Data entries
Start of Block

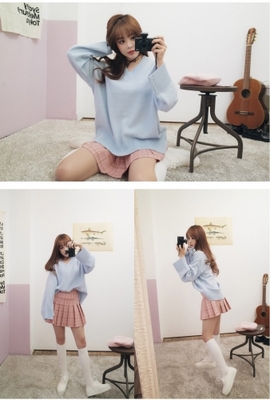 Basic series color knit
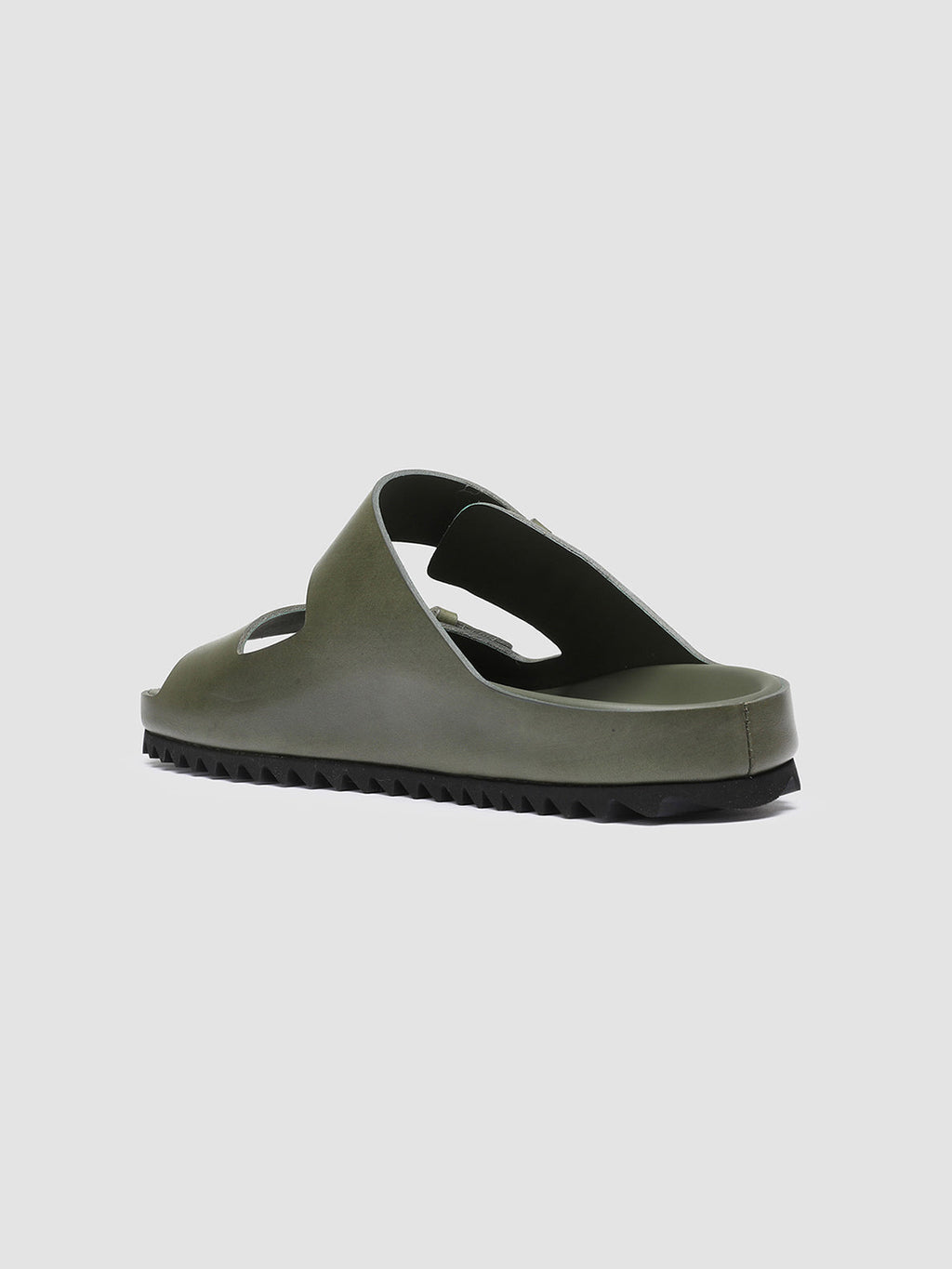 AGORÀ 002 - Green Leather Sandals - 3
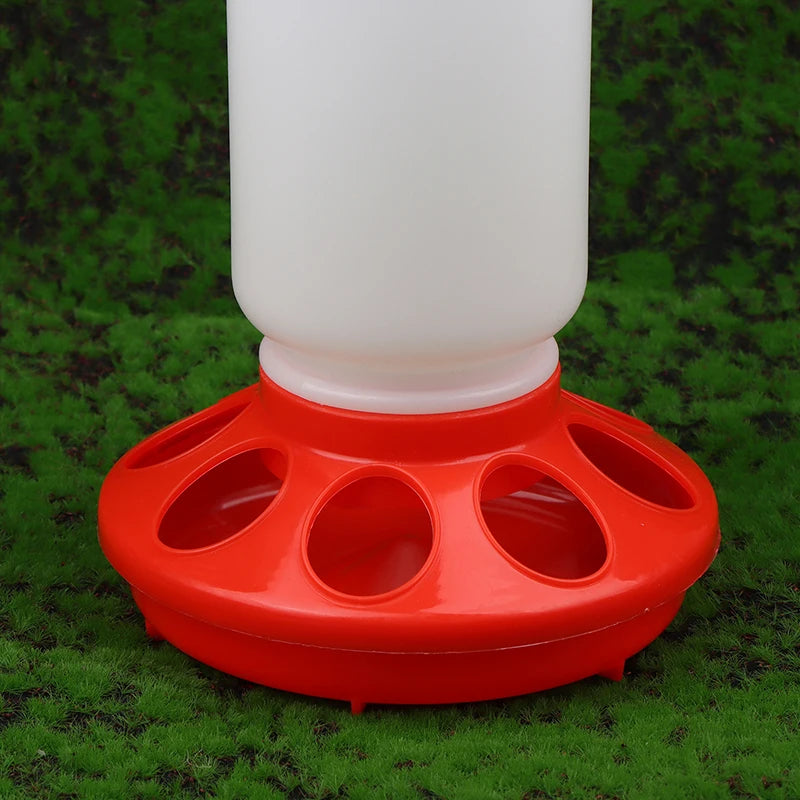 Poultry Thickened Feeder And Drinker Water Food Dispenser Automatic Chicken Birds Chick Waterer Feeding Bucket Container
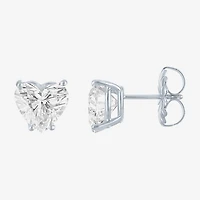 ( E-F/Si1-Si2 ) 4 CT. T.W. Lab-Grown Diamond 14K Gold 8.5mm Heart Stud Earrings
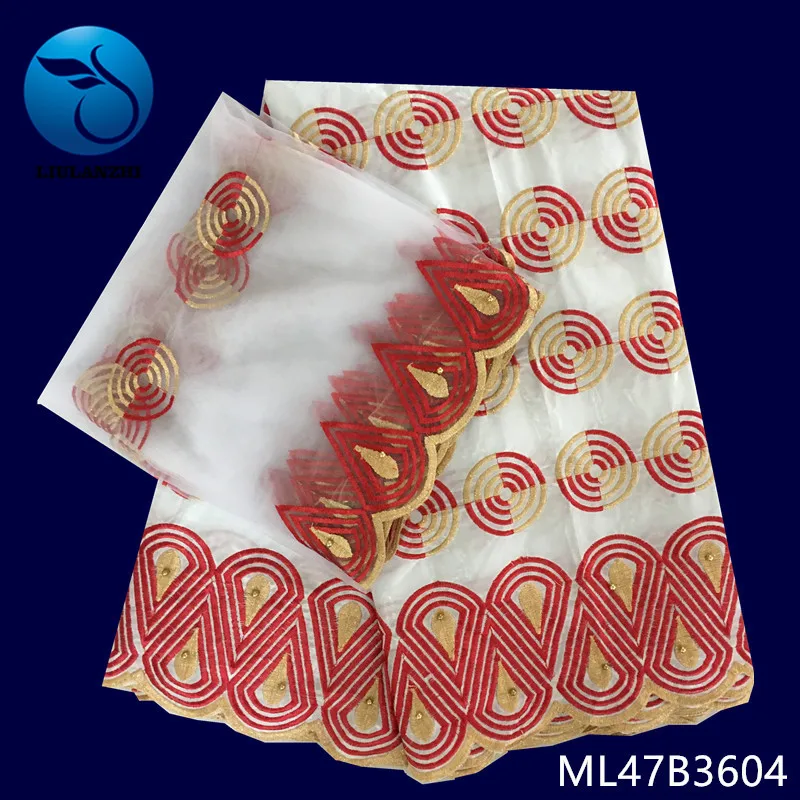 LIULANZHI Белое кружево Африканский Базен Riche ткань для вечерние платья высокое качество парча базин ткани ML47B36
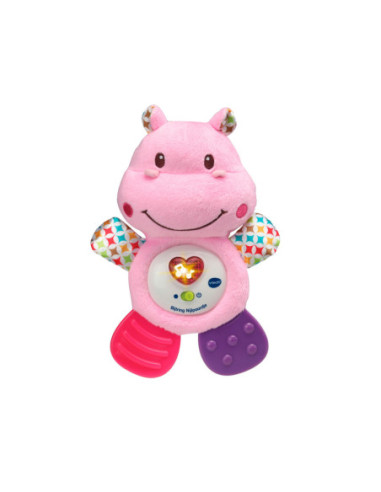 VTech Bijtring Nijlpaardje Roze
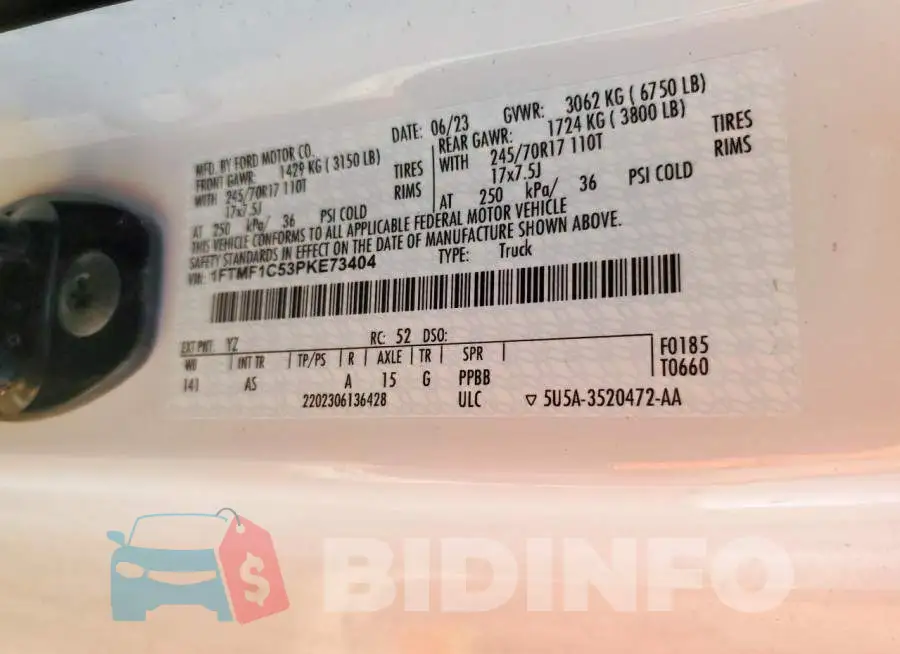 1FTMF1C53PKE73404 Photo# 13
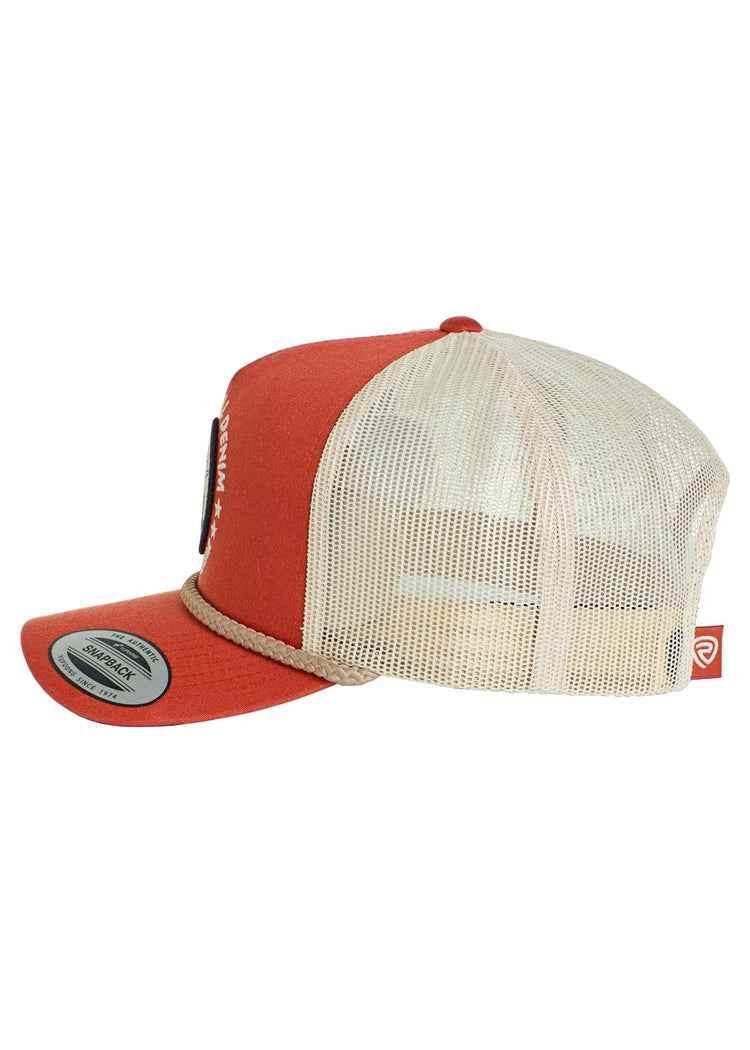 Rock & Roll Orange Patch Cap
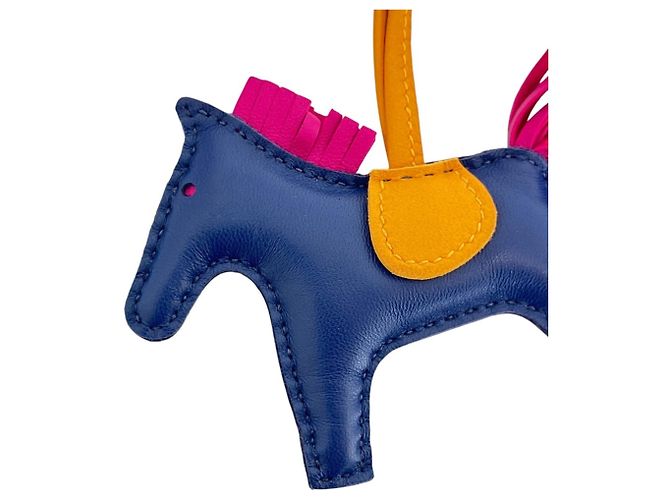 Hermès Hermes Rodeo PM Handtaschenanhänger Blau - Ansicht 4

End of Block

• **What you will do**:
The result should be the same data as above, line for line, with the pictures gone.

• **Response to this exercise**:
 Basic series color knit
 AGORÀ 002 - Green Leather Sandals - 3
 Poultry Thickened Feeder And Drinker Water Food Dispenser Automatic Chicken Birds Chick Waterer Feeding Bucket Container
 ( E-F/Si1-Si2 ) 4 CT. T.W. Lab-Grown Diamond 14K Gold 8.5mm Heart Stud Earrings
 LIULANZHI Белое кружево Африканский Базен Riche ткань для вечерние платья высокое качество парча базин ткани ML47B36
 VTech Bijtring Nijlpaardje Roze
 1FTMF1C53PKE73404 Photo# 13
 Rock & Roll Orange Patch Cap
 Hermès Hermes Rodeo PM Handtaschenanhänger Blau - Ansicht 4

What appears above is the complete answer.